Death in the Truffle Wood is, unashamedly, Crime Fiction.

It does, however, nod in the direction of better cooking in that it titillates the appetite – usually with a dark humour. And there are a couple of good descriptions of the sort of food that gives the French the moral high ground over the English when it comes to ‘measuring’ cuisines.

Commissaire Laviolette, is the detective Poirot might have been if Agatha Crusty had been a French intellectual instead of English ‘madam’: He likes good food, he smokes roll-ups with the class only the intelligent seem to manage, he chases women whilst he’s chasing murderers and he is, according to his bosses, none-descript – he’s given the case of the disappearing hippies because no one will notice him.

He, like his author, Pierre Magnan, is Provencal – The Province – the one that gives its inhabitants the necessary passport to condescend to town dwellers everywhere, and puts the urbane in urban.

Laviolette understands the countryside and country people in a way streetwise Phillip Marlowes in their brick and tarmac jungles will never grasp. There is almost an organic telepathy, an osmosis of thought and feeling flowing between the detective and the community. Clues are a concentration of flavours and scents rather than solid facts … animals play a key role in searching out these essentials – just as Roseline, the truffle hunting pig, searches and earns her keep rooting for what is essentially a parasitic fungus sucking away at the roots of healthy oak trees.

Those truffles, however, feature strongly in both the cooking and the plot – and act as a metaphor for the whole genre – what, after all, is it we are searching for but the rotten feeding off the strong? What is the detective in fiction but a glorified truffle pig?

That is the kind of rhetorical question you end up asking as you read – and points to an element in this book which is missing in the average pot-boiler – intellectualism.

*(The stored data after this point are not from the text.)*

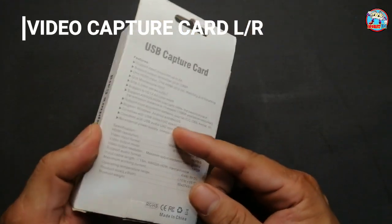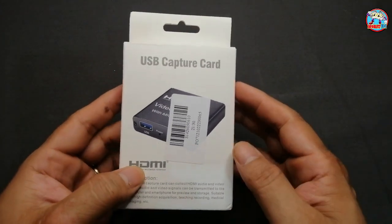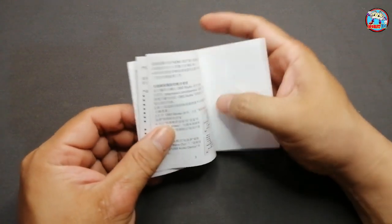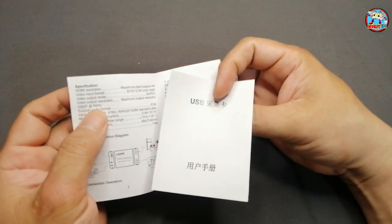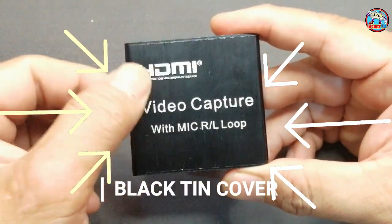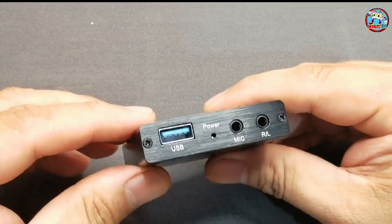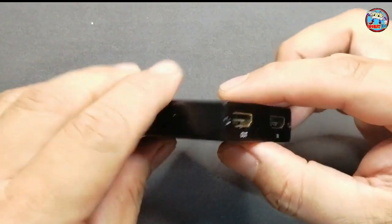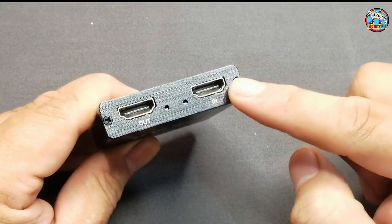This is the product — the USB Capture Card HDMI LR — that we're going to be reviewing today. It comes with a small box; nothing fancy. Inside it comes with a capture card, a USB to USB cable, and a manual that is all in Chinese language. The actual capture card is made out of thin black metal that can be durable for everyday usage. It has a 2.0 USB port compatible with any mid to high range computer. On the side of the device it has two HDMI ports — the input and output — used to connect HDMI cables.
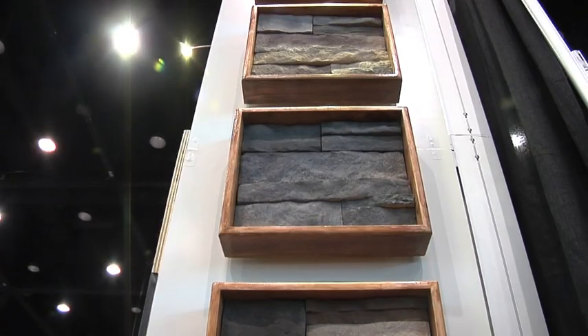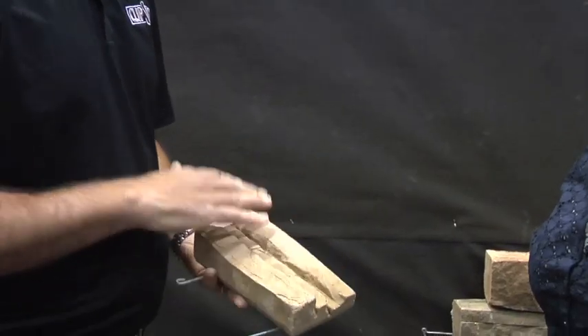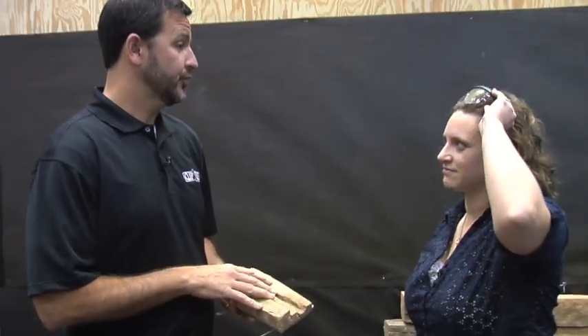Today we get to introduce Clipstone and it's a stone veneer that is made specifically for the remodeling segment. These profiles that we've created are the same profiles that we've used in our traditional manufactured stone. We're the largest stone installer in the country, and so when we looked at the market we said there's got to be a way that we can sell product and installations into the remodeling segment.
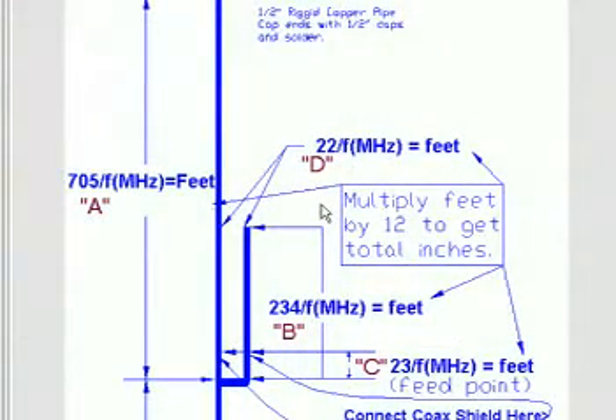By doing a quick Google search of J-Pole antenna we come to one of many websites — all website links will be in the show notes. Here are the calculations to actually design a J-Pole antenna. The long element, denoted as A, is 705 divided by frequency in megahertz, which gives you the length in feet. From tip to tip where I'm pointing with my cursor is actually half wave, and then the rest is full wave.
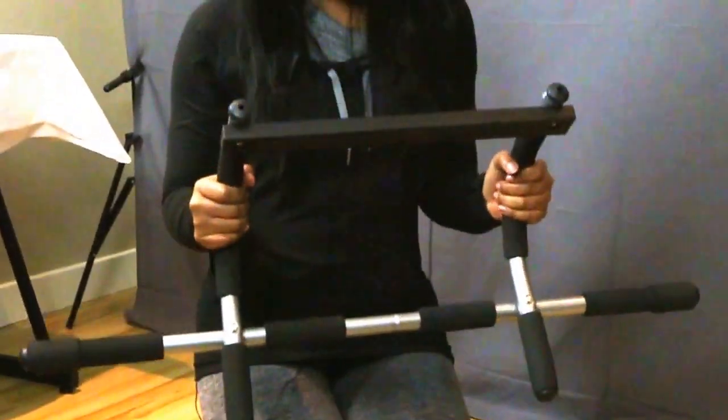Hi everyone. We're just going to go through the different ways that you can use our smaller door gym. There's obviously the basic ways, which is doing chin-ups and all of that good stuff. You can also get down on the ground with it.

Now, I am of Anglo-Saxon stock, and, even though I’ve denied my father and changed … I haven’t gone so far as to feel comfortable with ‘intellectualism’. Intelligence I can cope with – as long as it does the occasional prat-fall and keeps itself suitably coy – but showy intellectualism is a bit ‘continental’.

All I can say is, “Here it works,” – it is an integral part of the book and gives a dimension to the read which is refreshing to the jaded palate. I am not convinced though that the majority of Morse (who is only intelligent, despite his opera playing) and Barnaby (who is decidedly English Bumbling) fans will take much pleasure from the story.

Of the characters that people the pages there is a real French tart – not the English sticky, sweet, ‘Queen of Hearts’, jam type, but a goat cheese, onion and truffle baked Banon original; a small, lost dachshund befriended by the pig; several braces of warring brothers; and a lightening struck old cow who terrifies all around her and gets the toughest of toughs to open doors, politely, for her. There is also mention but, infuriatingly. no development of a partnership between the local baker and the local priest.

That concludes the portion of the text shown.